=== Dataset ===
•••

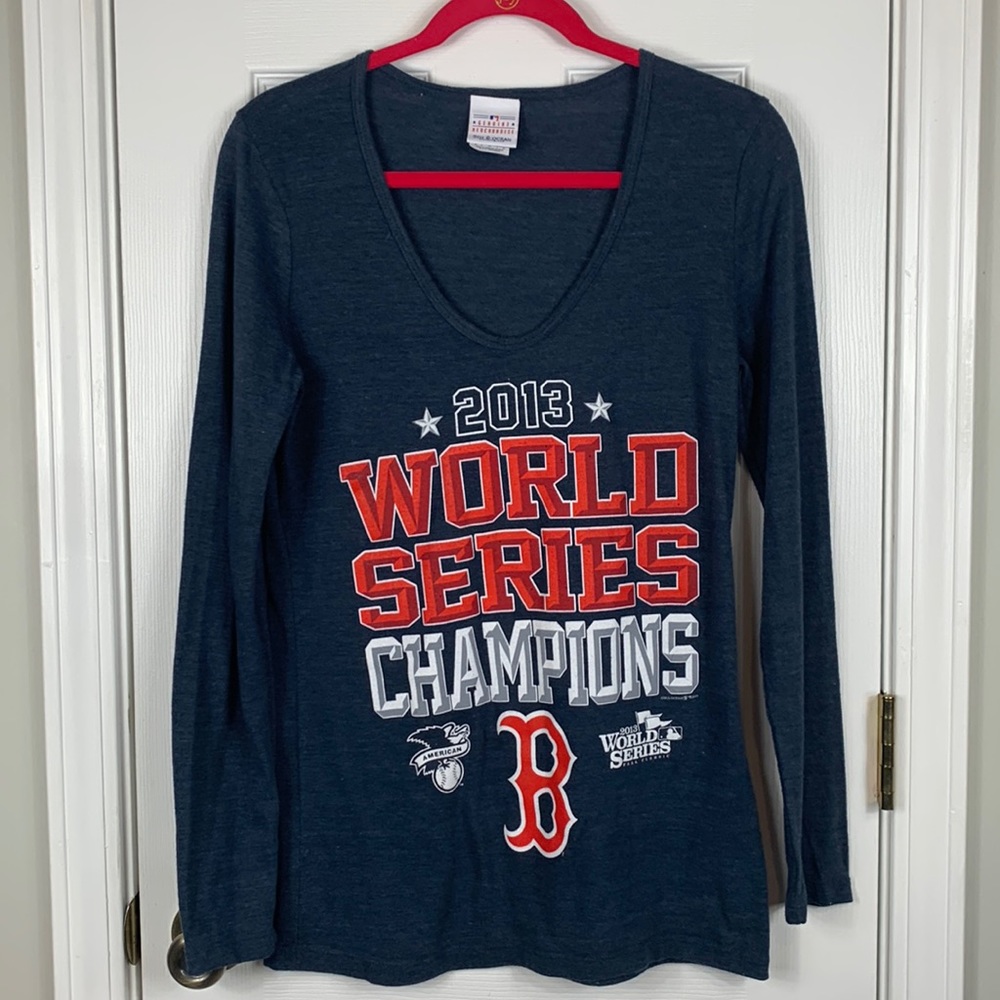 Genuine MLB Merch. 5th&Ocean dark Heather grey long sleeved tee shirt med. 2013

•••

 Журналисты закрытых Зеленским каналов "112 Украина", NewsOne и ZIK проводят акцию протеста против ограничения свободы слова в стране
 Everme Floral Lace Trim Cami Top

•••

One stretch of the lines above is wanted, from the line that contains "Журналисты закрытых Зеленским" through the line that contains "Everme Floral Lace Trim Cami Top". Output it exactly.

 Журналисты закрытых Зеленским каналов "112 Украина", NewsOne и ZIK проводят акцию протеста против ограничения свободы слова в стране
 Everme Floral Lace Trim Cami Top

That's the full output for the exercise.